START PROVIDED DATA
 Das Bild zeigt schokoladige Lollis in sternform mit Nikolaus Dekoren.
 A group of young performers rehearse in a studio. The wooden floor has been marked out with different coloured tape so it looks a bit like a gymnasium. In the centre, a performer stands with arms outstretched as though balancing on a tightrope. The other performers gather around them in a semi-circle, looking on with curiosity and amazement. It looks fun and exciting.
END PROVIDED DATA
START PROVIDED DATA
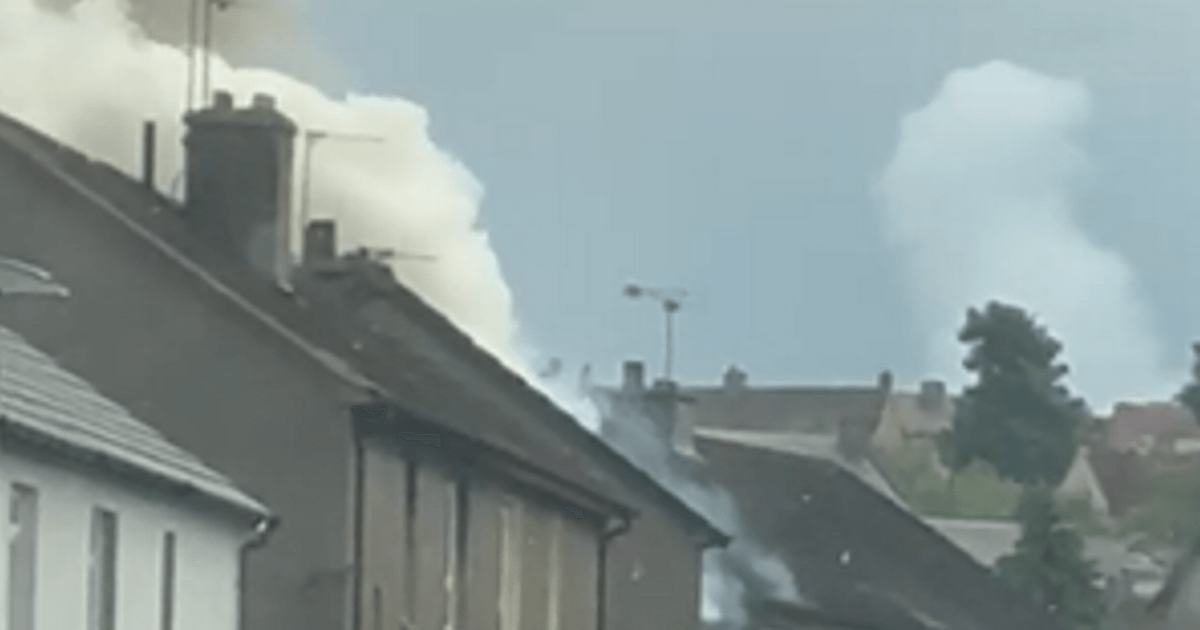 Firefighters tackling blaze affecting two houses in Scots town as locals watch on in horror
END PROVIDED DATA
START PROVIDED DATA
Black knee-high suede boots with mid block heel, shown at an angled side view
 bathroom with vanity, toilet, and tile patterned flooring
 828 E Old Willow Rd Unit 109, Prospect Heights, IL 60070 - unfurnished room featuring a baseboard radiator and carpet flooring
END PROVIDED DATA
DESCRIPTION OF THE TASK:
Return word for word the lines above from the line with "Das Bild zeigt" to the line with "A group of young", including both and leaving out all others.

SOLUTION:
 Das Bild zeigt schokoladige Lollis in sternform mit Nikolaus Dekoren.
 A group of young performers rehearse in a studio. The wooden floor has been marked out with different coloured tape so it looks a bit like a gymnasium. In the centre, a performer stands with arms outstretched as though balancing on a tightrope. The other performers gather around them in a semi-circle, looking on with curiosity and amazement. It looks fun and exciting.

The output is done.